Synthesis of Two Major Phase I Metabolites: Berberrubine and Demethyleneberberine.
To prepare berberrubine (M1), berberine chloride (0.7 g) was heated at 190°C in a dry oven under vacuum (20–30 mm Hg) for 20 min. The crude product was eluted with CHCl3-MeOH (10/1, v/v) through a silica gel column to separate M1 (0.35 g, yield 52.2%; m.p. 255–259°C).

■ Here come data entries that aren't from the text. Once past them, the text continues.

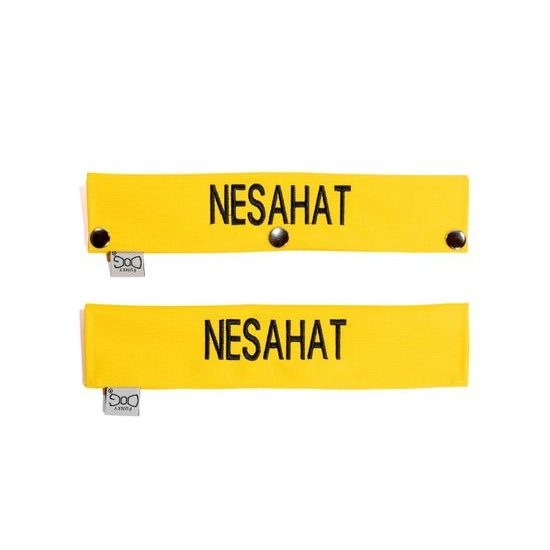 FUNKY DOG Žlutý návlek na vodítko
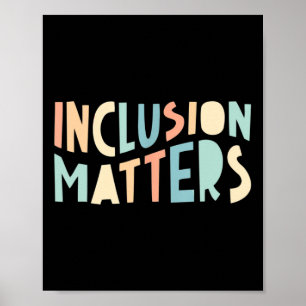 Inclusie Problemen Speciaal Onderwijs Autisme Bewu Poster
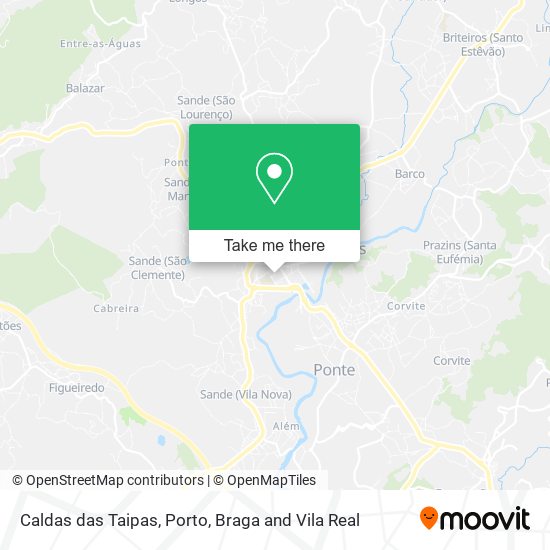 Caldas das Taipas mapa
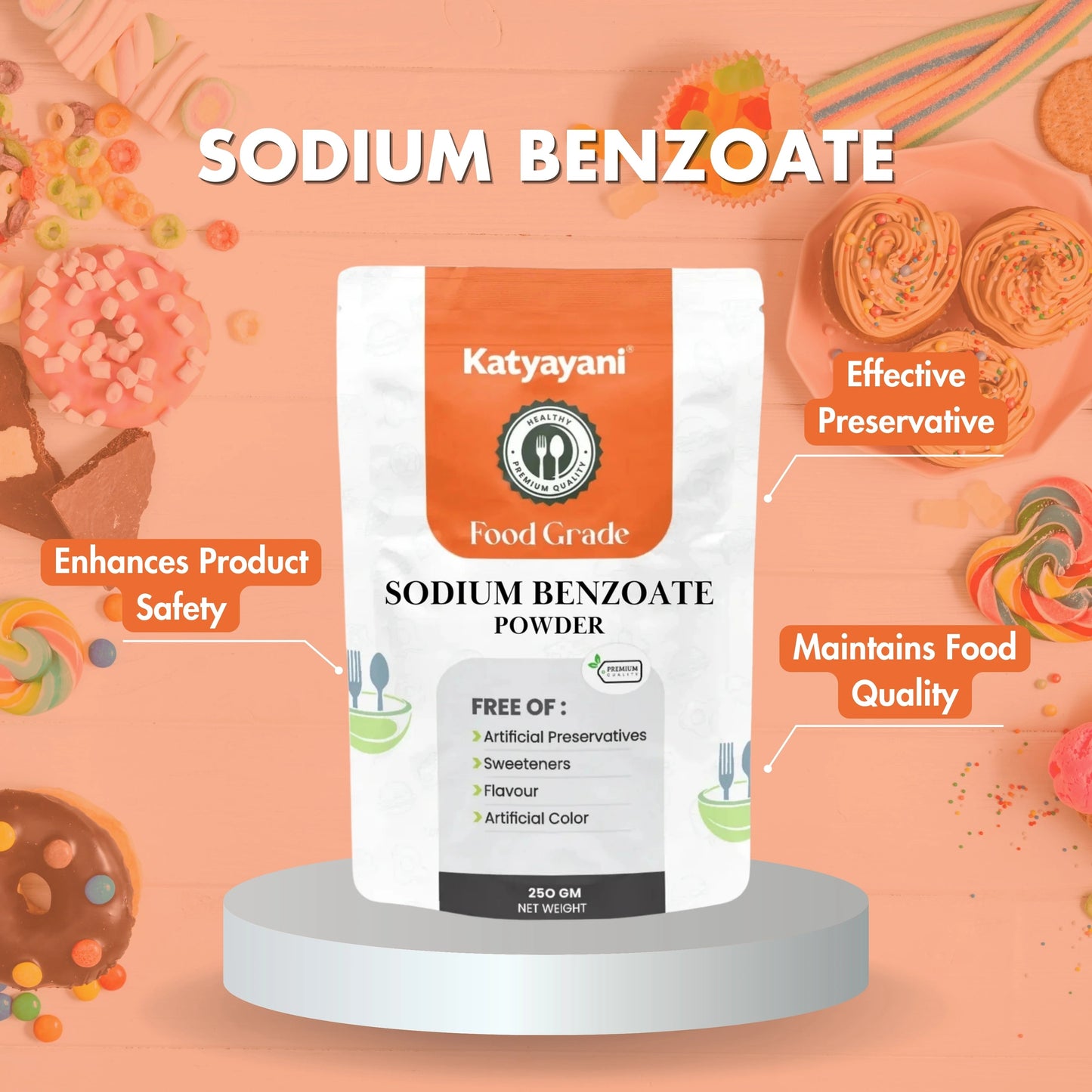 GGV Sodium Benzoate-Food Grade Green Garden Vibes Grades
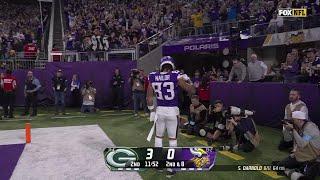 Darnold's 31-yard TD launch to Nailor get Vikings on board vs. Pack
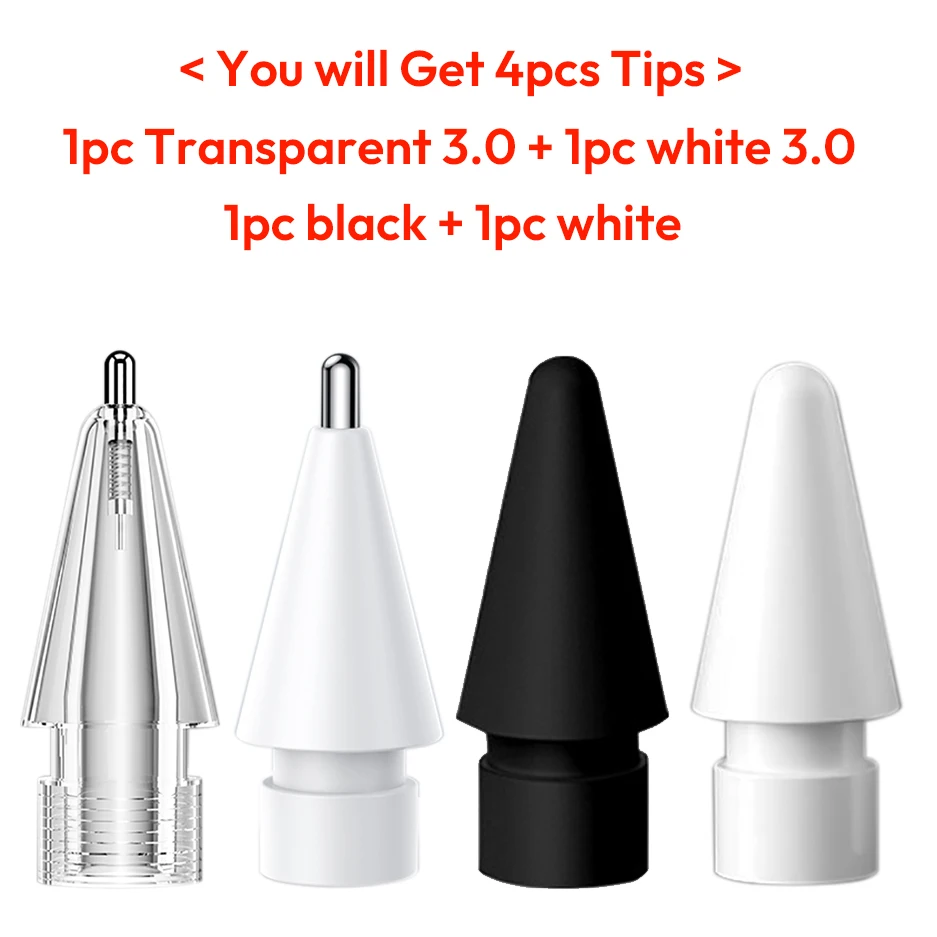 Replacement Tips for Apple Pencil 1st/2nd Gen iPencil Nibs No Wear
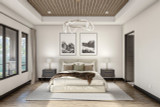 Mountain Rustic House Plan - Skyline View 54805 - Master Bedroom
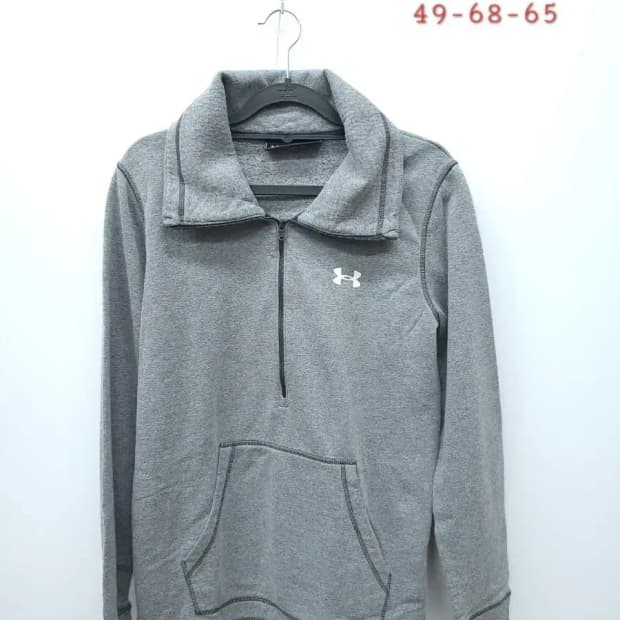 언더아머 SM 반집업 아노락 기모 상의, 실측49-68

For the preparation of demethyleneberberine (M2), berberine chloride (1.0 g, 2.7 mM), and phenol (0.76 g, 8.1 mM) were mixed with 60% H2SO4 (40 ml) and stirred at 100°C in an oil bath for 8 h. The mixture was cooled, filtered, and subjected to anion exchange into chloride form in H2O-acetone (1:1). The crude product was concentrated to prepare M2 (0.31 g, yield 31.3%). After synthesis of M1 and M2, liquid chromatography (LC)-mass spectrometry and 1H NMR were used to confirm their structural features. M1 was the demethylation product of berberine at the C-9 position.
Animals.
Sprague-Dawley rats (180–250 g, 6–7 weeks) were obtained from the Experimental Animal Center, China Pharmaceutical University (Nanjing, China), and housed with free access to food and water. The animals were maintained on a 12-h light/dark cycle (lights on from 8:00 AM to 8:00 PM) at ambient temperature (22–24°C) with 60% relative humidity. Rats were fasted for 12 h before all experimental studies. The study protocol was approved by the Animal Care and Use Committee, College of Pharmacy, China Pharmaceutical University.
Instruments.
The LC-tandem mass spectrometry (MS/MS) analysis was performed using a Finnigan Surveyor high-performance liquid chromatography and TSQ Quantum Discovery MAX system (Thermo Fisher Scientific). The separation and determination were performed using a Shim-pack VP-ODS analytical column (150 mm × 2.0 mm i.d.; Shimadzu, Kyoto, Japan). Samples were eluted through the column with a gradient of water-formic acid (100:0.05, v/v) and acetonitrile (0 min, 85:15; 5min, 25:75; 6 min, 85:15; and 10 min, 85:15) at a flow rate of 0.2 ml/min at 40°C in the column oven. Berberine, tetrahydroberineper, M1 (berberrubine), M2 (demethyleneberberine), and M3 jatrorrhizine standards were used to validate the LC-MS/MS methods.
Relative Contribution of the Small Intestine and Liver to the First-Pass Elimination of Berberine.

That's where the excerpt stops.